Em Guimarães Rosa há o reverso: o beletrismo é evidente, o apuro com cada minúscula passagem é assombroso, trata-se, não obstante, de uma
locução informal extremamente pesada, na qual o mero ato de decodificar orações/identificar neologismos e figuras de linguagem/perceber os elementos orais -- NÃO BASTA para revivificar no leitor a plena percepção da voz (em todos os sentidos) poética (roseana) sertaneja (popular) presente no texto. É necessário ativar de forma
mediata, através da vocalização (ou declamação), o caráter popular da prosa do "Grande Sertão...".
"...é preciso... se deixar invadir pela concretude das palavras e dos silêncios, o espaço da oralidade..." --
invadir é exatamente o ponto paradigmático: em Dostoiévski esta invasão, esta imersão na língua alheia é possível sem um pio, na tão somente pura atenção de nossa leitura; em Rosa esta invasão só é efetiva quando esgarçarmos a própria voz afim de tonificar a de Riobaldo, pois Rosa pede mais do que nossa identificação/simpatização com a trama ou os personagens -- ele exige também uma incorporação na fala de Tatarana, como se tivéssemos de nos deixar possuir totalmente pela ficção.
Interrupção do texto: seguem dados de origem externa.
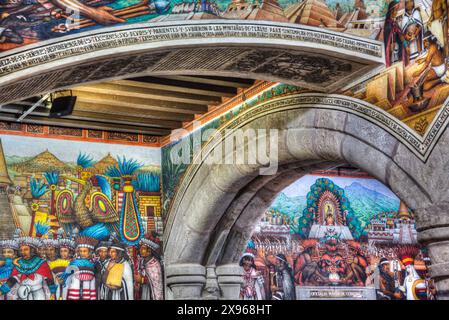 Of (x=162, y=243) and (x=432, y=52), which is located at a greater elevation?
(x=432, y=52)

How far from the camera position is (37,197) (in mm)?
8445

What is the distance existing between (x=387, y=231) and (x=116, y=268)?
159 inches

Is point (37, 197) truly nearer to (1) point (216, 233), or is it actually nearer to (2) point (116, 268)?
(2) point (116, 268)

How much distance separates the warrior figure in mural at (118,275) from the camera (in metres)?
8.60

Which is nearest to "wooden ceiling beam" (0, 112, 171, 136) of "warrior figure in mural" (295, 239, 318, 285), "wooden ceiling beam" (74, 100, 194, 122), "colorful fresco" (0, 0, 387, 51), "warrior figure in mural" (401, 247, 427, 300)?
"wooden ceiling beam" (74, 100, 194, 122)

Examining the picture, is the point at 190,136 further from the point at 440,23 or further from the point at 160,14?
the point at 440,23

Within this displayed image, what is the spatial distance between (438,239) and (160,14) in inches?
99.5

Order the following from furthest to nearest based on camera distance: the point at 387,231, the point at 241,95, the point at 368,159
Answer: the point at 387,231, the point at 241,95, the point at 368,159

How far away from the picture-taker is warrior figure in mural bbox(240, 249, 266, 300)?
942 centimetres

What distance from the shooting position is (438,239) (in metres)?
5.18

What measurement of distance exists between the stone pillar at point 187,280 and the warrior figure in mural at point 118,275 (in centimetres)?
51

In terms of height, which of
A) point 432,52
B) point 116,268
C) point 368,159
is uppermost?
point 432,52

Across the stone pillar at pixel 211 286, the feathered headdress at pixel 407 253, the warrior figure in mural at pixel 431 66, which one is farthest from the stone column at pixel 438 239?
the feathered headdress at pixel 407 253

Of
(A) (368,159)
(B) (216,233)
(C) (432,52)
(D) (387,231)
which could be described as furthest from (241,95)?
(D) (387,231) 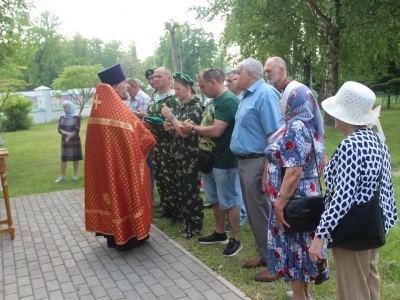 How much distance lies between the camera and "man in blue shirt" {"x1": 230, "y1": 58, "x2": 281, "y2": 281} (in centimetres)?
357

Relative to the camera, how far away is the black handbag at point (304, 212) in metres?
2.79

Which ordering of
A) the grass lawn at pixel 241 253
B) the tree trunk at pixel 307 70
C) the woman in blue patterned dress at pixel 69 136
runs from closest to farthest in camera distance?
1. the grass lawn at pixel 241 253
2. the woman in blue patterned dress at pixel 69 136
3. the tree trunk at pixel 307 70

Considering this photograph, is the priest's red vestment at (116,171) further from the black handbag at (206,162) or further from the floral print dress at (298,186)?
the floral print dress at (298,186)

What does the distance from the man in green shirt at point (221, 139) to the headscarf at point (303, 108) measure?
122 cm

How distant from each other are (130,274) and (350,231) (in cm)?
243

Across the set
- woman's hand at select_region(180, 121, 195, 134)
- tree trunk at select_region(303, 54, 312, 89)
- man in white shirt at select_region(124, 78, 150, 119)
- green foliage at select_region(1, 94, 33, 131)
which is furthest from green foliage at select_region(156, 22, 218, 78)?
woman's hand at select_region(180, 121, 195, 134)

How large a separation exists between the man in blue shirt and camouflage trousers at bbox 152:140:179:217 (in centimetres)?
169

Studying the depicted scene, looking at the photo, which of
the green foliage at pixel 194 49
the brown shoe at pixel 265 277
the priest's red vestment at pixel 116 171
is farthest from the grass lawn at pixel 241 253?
the green foliage at pixel 194 49

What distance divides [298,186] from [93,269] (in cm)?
239

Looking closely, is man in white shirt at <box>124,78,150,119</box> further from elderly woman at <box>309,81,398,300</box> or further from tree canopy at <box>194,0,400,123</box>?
tree canopy at <box>194,0,400,123</box>

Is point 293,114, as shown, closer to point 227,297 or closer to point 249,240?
point 227,297

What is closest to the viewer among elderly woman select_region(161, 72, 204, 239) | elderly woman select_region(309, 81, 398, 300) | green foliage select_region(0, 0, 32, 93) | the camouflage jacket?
elderly woman select_region(309, 81, 398, 300)

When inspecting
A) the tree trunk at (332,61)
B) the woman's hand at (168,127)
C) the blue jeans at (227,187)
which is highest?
the tree trunk at (332,61)

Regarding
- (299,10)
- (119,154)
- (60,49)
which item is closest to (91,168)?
(119,154) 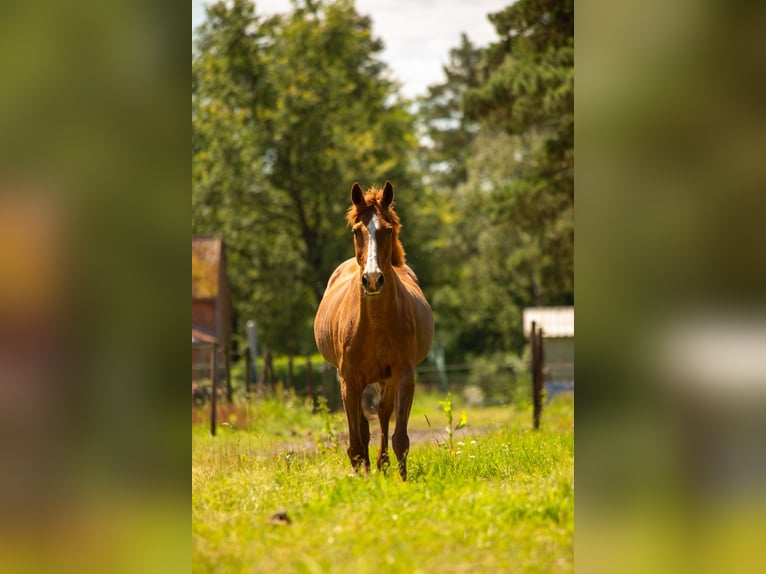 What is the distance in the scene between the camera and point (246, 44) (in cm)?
3372

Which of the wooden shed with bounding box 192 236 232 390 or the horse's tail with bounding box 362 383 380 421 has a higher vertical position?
the wooden shed with bounding box 192 236 232 390

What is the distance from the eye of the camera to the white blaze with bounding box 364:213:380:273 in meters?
6.26

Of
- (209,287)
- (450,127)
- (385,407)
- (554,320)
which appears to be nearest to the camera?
(385,407)

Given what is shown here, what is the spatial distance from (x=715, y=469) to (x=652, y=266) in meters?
0.95

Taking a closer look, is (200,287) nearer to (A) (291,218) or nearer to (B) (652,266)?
(A) (291,218)

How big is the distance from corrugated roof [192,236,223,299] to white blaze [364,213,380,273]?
1056 inches

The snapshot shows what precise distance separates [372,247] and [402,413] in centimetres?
153

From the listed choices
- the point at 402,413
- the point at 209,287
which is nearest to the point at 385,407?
the point at 402,413

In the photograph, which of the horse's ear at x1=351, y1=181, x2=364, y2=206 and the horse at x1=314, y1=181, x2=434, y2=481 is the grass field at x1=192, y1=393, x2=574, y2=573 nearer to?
the horse at x1=314, y1=181, x2=434, y2=481

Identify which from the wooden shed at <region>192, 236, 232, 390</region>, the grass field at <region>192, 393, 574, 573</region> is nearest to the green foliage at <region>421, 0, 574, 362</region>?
the wooden shed at <region>192, 236, 232, 390</region>

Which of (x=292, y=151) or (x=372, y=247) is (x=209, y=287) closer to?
(x=292, y=151)

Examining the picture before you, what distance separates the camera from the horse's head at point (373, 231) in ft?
20.5

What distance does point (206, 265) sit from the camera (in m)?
33.0

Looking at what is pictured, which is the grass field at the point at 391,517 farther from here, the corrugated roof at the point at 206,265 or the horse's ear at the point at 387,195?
the corrugated roof at the point at 206,265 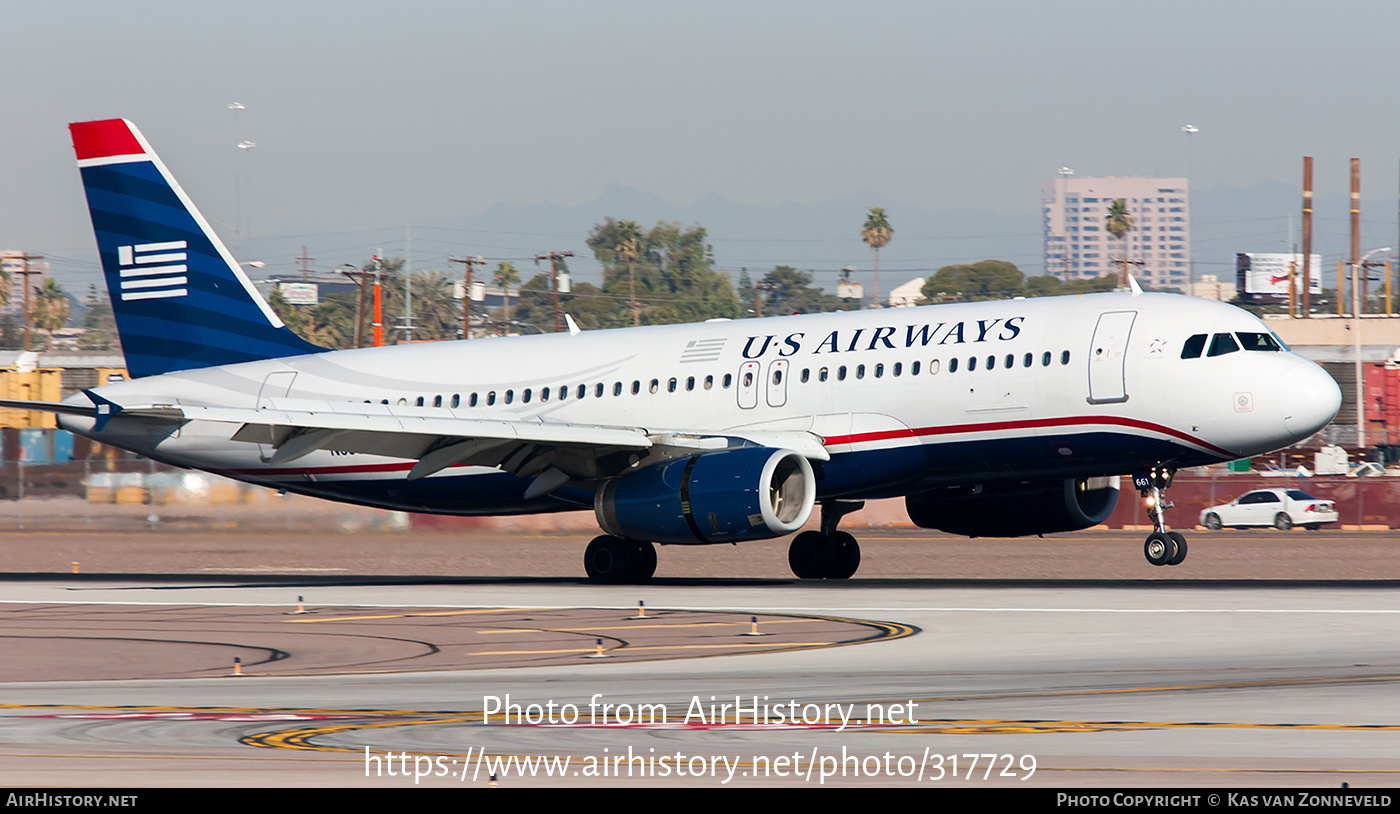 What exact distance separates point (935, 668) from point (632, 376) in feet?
50.7

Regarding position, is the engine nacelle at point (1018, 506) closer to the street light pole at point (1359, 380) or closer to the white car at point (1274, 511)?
the white car at point (1274, 511)

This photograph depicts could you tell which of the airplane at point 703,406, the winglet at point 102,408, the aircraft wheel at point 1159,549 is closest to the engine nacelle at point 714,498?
the airplane at point 703,406

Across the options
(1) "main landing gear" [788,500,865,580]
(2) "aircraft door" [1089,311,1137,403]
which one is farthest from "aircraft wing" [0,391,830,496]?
(2) "aircraft door" [1089,311,1137,403]

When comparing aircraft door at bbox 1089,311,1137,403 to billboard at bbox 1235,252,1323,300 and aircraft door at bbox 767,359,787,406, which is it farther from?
billboard at bbox 1235,252,1323,300

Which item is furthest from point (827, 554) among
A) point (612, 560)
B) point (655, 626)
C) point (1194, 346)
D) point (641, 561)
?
point (655, 626)

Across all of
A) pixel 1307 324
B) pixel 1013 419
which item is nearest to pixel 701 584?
pixel 1013 419

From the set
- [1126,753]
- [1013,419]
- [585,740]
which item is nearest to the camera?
[1126,753]

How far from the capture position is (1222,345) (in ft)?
91.0

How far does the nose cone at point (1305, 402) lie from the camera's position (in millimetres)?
27031

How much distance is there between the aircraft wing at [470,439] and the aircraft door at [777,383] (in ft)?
2.45

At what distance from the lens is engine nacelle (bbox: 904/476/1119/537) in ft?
102

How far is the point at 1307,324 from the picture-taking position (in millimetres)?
108000

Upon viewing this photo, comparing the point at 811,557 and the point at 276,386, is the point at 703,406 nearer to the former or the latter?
the point at 811,557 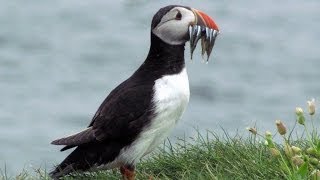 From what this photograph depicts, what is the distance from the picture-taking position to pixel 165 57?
7125 mm

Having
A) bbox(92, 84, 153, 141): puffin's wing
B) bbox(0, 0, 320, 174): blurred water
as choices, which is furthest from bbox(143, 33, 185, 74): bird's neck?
bbox(0, 0, 320, 174): blurred water

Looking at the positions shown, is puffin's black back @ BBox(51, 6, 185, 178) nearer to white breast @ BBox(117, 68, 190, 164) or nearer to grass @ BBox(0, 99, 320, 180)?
white breast @ BBox(117, 68, 190, 164)

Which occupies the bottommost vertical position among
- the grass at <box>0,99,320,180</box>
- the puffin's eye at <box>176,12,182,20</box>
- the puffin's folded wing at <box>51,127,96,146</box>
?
the grass at <box>0,99,320,180</box>

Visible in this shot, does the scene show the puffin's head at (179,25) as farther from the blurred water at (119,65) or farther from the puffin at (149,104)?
the blurred water at (119,65)

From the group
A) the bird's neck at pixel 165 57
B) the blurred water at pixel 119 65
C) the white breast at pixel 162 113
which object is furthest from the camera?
the blurred water at pixel 119 65

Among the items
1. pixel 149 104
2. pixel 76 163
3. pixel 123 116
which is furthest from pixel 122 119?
→ pixel 76 163

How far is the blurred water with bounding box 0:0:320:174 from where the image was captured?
16625 mm

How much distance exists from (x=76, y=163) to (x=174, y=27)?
1.01m

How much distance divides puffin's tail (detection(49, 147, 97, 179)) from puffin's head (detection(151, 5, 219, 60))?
826mm

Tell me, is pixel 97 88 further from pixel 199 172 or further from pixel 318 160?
pixel 318 160

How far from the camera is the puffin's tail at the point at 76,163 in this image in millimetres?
7180

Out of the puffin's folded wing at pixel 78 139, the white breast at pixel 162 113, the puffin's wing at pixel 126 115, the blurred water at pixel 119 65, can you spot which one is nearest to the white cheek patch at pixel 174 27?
the white breast at pixel 162 113

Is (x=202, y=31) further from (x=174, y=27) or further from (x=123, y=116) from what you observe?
(x=123, y=116)

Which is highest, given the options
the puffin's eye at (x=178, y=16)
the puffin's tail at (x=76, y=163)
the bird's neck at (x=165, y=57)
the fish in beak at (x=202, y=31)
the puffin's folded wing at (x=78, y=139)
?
the puffin's eye at (x=178, y=16) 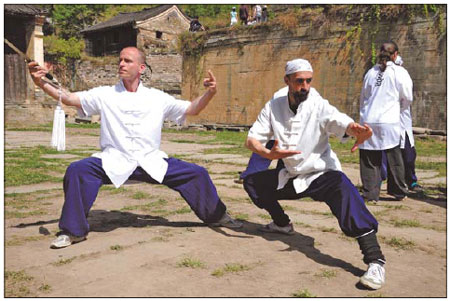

Tal leitura implica numa performance pessoal e isolada do leitor.
Desde Walter Benjamin sabe-se que o romance moderno pressupõe um leitor solitário, refastelado em sua intimidade silenciosa com um livro em mãos, enquanto a narrativa tradicional, representada pelos contos/anedotas/fábulas/canções/causos populares propagados de boca em boca, direcionam-se diretamente a ouvintes que compartilham um horizonte de crenças e concepções comuns, possibilitando, desta forma, a transmissão da experiência -- transmissão esta ausente ou irreconhecível na ligação isolante do leitor com o romance moderno. Esta, segundo Benjamin, seria a crise da narrativa e, por conseguinte, da própria experiência a partir do séc. XVII.
Rosa tentou (terá conseguido?) distensionar tal dicotomia, utilizando-se, para tanto, do elemento dos dois mundos (popular e literário -- oral e escrito) em vistas de fundi-los harmonicamente, propiciando seu móbil duradouro (a palavra escrita) enquanto suporte integrado com sua mais plena expressão (a declamação ou vocalização).
Nada se perde ao lermos Dostoiévski numa biblioteca pública, mas é frustante ler Rosa em tais condições.